En Grèce, la colère tonne au sommet de l’Acropole d’Athènes

Le matin, au pied de l’Acropole à Athènes, c’est la cohue. Les touristes qui veulent gravir la Roche sacrée cherchent de l’ombre en attendant leur tour sans comprendre où se diriger. Ce mardi, face à la canicule, la Croix Rouge a même décidé une distribution d’eau, casquettes et crème solaire jusqu’à 12 h 30. L’une des bénévoles, Sophia Markelos, précise : « La Croix-Rouge hellénique, qui est là pour délivrer les premiers secours, est toujours prête à intervenir quand le gouvernement ou la population a besoin de nous. »

« Les services proposés aux touristes ont évolué »

Pour les salariés, cette « opération de communication peine à masquer la situation réelle » sur ce sanctuaire érigé au Ve siècle avant J.-C., à l’initiative de Périclès en hommage à la Déesse Athena. « Les services proposés aux touristes ont évolué de manière inversement proportionnelle à l’augmentation du ticket d’entrée, passé de 20 euros à 30 euros en 2024 », explique une employée du site à micro fermé. Les touristes souscrivent. Un couple d’Allemands avec leurs deux enfants a dû écourter la visite car « le petit avait besoin d’aller aux toilettes, mais il n’y en a pas une fois passé l’entrée. Nous sommes descendus et allés à ceux hors du site. Ensuite, ils ont refusé de nous laisser remonter ! » Le père, Sven, est furieux : « Nous avons payé 60 euros et n’avons pas pu tout voir. » À quelques pas, un couple de septuagénaires anglais tente de monter jusqu’au guichet. La dame, peinant à marcher, descend de son scooter de mobilité à trois roues : « Nous renonçons. » Pierre et Marie, parisiens en vacances, déplorent : « Nous n’avons eu aucune consigne avant de monter. Nous avions de l’eau, mais pas assez… Il n’y a aucun équipement en haut. Pourtant, ça coûte cher ! »

L’employée reprend : « Même les équipes médicales, qui étaient auparavant présentes ont disparu. Elles ont été remplacées par des bénévoles de la Croix Rouge. » Puis, elle liste les problèmes : « Depuis un an et demi, les W.-C. sont hors service. Certaines personnes sont obligées d’uriner entre les marbres, voire pire, ou ne peuvent se retenir en descendant. L’ascenseur pour les personnes à mobilité réduite est souvent en panne, ou ne fonctionne que quelques heures.
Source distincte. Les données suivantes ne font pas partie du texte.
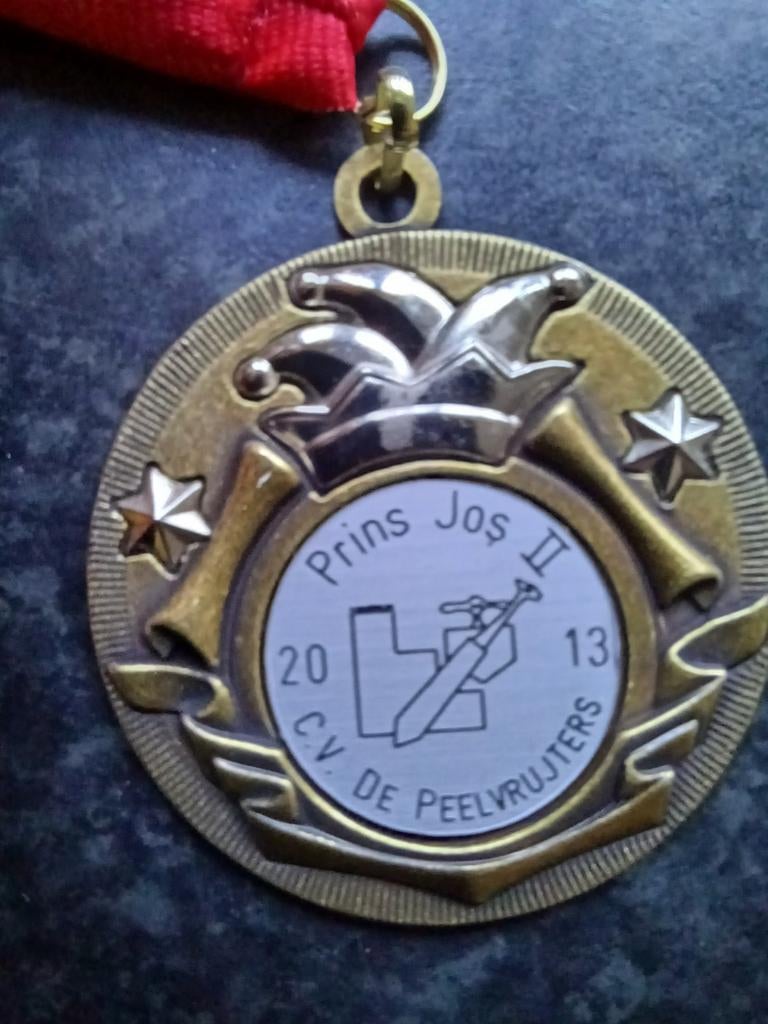 Carnavals medaille onderscheiding CV De Peelvrujters 2013, Ophalen, Overige materialen, Nederland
À l’entrée, c’est le bazar depuis que la gestion a été confiée à une entreprise privée. » Pour preuve, des photos sur son portable montrent des traces d’excréments, des pompiers en train de porter des personnes à mobilité réduite, la cohue à l’entrée. D’autres employés ou gardiens abondent anonymement, de crainte de perdre leur emploi.

29 millions d’euros reçus du fonds de relance de l’UE

Pour tous, depuis que des services, comme la gestion de la billetterie, le gardiennage…, ont été confiés à des entreprises privées, la situation se dégrade bien que la Grèce ait reçu 29 millions d’euros du fonds de relance de l’Union européenne. Ils étaient « destinés à améliorer les services fournis par l’Organisme de gestion et de développement des ressources culturelles [Odap en grec, NDLR] aux visiteurs des sites archéologiques et des musées », souligne un communiqué du ministère de la Culture. Ce mardi, une loi doit être votée accélérant la gestion des services des sites historiques par des entreprises privées. Provoquant la colère des salariés.